_Exercise aim_.
Scan the entries below for the string "Colorado" and copy every line where it turns up.
* * * *
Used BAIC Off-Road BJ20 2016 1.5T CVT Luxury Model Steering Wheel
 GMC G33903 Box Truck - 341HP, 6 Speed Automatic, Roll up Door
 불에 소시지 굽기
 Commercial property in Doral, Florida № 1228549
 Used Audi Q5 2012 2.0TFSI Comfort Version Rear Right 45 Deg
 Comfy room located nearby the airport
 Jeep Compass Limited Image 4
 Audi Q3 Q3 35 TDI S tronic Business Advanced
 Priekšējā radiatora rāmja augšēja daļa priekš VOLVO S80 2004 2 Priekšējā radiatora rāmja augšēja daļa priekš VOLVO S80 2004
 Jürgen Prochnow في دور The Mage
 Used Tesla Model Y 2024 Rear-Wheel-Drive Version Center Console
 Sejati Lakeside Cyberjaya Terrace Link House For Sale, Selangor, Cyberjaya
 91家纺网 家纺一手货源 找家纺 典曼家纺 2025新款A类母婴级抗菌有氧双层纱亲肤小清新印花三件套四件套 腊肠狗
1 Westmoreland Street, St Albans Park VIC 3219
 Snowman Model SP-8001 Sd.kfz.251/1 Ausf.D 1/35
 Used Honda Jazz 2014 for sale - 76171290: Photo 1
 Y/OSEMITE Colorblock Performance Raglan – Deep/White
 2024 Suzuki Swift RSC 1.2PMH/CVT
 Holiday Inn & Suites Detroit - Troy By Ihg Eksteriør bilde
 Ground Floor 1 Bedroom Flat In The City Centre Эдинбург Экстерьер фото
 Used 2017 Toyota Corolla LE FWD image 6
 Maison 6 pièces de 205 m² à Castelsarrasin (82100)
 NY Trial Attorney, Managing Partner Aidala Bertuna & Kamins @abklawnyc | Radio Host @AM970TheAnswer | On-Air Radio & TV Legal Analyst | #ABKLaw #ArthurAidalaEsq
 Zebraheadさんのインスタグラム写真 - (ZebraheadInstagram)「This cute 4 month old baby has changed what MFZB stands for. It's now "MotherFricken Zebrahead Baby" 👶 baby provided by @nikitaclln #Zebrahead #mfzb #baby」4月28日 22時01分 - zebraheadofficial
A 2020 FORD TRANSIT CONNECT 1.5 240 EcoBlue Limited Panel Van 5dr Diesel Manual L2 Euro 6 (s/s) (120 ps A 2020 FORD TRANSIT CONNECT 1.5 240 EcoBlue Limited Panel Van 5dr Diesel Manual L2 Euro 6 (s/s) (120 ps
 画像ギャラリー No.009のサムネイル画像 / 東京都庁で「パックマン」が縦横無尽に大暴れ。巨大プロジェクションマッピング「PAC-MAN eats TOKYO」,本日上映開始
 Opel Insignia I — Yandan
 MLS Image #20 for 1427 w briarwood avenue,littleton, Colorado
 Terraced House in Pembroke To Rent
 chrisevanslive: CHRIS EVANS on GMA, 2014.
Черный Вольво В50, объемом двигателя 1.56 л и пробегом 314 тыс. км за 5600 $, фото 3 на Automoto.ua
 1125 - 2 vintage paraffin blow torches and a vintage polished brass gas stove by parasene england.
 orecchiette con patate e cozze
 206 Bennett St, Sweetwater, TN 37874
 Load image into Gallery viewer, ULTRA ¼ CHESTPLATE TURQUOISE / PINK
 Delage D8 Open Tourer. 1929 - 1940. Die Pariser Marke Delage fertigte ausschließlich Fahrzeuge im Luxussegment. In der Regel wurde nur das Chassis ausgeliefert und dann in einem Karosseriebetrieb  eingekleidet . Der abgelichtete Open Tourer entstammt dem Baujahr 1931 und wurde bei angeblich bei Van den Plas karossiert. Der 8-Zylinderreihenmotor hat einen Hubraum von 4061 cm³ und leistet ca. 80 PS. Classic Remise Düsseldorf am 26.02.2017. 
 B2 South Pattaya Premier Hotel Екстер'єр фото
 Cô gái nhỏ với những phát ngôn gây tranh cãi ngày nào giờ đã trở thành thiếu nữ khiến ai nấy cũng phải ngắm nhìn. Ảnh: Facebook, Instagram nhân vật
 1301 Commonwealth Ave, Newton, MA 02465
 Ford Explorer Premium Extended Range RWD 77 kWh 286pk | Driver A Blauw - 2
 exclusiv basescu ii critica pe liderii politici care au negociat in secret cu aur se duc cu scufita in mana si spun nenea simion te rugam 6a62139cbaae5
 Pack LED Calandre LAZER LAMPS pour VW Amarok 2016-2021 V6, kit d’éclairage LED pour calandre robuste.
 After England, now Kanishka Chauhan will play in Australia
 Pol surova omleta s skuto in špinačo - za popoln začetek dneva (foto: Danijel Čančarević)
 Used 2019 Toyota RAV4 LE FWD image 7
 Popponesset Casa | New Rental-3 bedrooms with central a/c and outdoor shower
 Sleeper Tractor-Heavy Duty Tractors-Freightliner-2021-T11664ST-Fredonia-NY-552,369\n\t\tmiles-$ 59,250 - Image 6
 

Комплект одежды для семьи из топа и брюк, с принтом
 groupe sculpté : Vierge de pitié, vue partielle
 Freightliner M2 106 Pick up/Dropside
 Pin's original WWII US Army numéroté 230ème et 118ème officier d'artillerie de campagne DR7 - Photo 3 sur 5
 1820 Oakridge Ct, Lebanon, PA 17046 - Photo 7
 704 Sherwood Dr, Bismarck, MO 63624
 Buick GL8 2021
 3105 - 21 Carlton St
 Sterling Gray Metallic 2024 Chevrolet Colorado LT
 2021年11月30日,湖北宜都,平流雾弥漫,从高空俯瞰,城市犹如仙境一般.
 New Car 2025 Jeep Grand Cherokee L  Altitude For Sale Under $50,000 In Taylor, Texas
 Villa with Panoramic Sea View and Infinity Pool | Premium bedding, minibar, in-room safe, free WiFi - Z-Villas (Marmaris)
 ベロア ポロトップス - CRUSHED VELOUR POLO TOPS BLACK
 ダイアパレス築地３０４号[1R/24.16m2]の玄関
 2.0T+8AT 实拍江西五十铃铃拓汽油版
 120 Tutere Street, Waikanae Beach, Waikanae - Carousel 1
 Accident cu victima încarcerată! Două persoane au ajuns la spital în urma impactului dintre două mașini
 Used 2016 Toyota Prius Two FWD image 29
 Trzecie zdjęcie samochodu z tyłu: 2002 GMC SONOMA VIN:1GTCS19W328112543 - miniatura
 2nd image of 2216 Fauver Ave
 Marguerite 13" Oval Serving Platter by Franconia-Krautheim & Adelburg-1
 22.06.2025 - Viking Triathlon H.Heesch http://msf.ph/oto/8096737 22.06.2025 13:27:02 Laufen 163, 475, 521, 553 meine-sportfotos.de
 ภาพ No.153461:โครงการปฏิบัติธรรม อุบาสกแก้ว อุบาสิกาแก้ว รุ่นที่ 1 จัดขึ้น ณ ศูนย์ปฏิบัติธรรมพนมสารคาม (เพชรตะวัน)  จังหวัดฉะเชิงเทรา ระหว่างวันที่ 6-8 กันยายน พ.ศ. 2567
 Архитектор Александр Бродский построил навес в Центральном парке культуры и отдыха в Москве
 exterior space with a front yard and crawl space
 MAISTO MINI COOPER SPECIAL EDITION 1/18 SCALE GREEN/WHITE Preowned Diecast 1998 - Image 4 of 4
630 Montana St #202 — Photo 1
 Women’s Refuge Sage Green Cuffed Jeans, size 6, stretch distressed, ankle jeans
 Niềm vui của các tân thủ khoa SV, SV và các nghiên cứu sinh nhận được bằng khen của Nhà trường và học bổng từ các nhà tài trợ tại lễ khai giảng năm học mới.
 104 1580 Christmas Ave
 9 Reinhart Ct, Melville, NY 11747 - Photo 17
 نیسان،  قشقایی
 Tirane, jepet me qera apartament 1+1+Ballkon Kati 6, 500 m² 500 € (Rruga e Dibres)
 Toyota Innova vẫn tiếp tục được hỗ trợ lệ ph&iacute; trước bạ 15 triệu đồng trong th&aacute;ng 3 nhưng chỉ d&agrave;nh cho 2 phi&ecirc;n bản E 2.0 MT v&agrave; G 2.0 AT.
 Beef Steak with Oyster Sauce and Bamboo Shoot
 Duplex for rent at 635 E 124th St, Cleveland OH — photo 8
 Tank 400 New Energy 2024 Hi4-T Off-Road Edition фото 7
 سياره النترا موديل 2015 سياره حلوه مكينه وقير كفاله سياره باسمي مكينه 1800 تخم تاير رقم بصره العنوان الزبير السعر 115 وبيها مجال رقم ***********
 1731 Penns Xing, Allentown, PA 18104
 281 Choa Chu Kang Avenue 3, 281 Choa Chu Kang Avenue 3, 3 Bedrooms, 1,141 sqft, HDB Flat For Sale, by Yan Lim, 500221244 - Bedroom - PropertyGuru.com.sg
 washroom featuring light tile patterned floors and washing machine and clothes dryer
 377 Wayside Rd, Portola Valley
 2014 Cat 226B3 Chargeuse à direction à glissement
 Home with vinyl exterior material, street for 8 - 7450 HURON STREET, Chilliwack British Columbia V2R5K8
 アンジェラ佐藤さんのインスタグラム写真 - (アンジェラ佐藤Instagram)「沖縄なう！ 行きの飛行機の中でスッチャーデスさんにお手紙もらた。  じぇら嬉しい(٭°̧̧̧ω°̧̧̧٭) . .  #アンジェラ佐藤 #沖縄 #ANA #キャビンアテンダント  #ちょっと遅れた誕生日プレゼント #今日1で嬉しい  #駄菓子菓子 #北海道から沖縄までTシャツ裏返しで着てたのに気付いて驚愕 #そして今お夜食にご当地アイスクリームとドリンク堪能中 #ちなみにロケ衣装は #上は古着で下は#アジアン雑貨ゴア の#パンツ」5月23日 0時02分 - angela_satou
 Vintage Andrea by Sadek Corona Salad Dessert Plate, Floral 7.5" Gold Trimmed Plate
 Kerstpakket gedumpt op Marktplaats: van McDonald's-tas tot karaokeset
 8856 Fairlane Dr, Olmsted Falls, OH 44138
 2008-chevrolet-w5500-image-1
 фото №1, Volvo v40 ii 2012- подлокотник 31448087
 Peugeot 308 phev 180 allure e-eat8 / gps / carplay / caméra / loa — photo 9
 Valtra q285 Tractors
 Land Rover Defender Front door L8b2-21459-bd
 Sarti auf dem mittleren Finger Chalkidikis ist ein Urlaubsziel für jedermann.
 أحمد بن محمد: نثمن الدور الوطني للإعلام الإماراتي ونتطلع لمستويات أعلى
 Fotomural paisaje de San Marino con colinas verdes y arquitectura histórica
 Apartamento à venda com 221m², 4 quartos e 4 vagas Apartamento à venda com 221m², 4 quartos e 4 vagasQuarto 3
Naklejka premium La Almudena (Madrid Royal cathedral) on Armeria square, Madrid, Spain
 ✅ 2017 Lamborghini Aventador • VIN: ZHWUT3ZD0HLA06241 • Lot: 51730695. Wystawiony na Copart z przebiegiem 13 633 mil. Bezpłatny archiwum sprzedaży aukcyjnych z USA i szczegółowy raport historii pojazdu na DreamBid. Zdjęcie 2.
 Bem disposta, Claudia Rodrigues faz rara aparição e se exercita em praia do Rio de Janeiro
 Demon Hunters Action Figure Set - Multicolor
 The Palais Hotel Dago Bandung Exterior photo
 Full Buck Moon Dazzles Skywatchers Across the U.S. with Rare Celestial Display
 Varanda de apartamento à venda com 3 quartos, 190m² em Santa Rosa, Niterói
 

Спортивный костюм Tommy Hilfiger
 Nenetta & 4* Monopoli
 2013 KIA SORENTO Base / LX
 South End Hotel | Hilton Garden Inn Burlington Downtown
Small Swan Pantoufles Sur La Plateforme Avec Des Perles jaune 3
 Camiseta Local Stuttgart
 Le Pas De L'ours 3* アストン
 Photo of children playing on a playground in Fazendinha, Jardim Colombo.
* * * *
_Output for this exercise_.
 MLS Image #20 for 1427 w briarwood avenue,littleton, Colorado
 Sterling Gray Metallic 2024 Chevrolet Colorado LT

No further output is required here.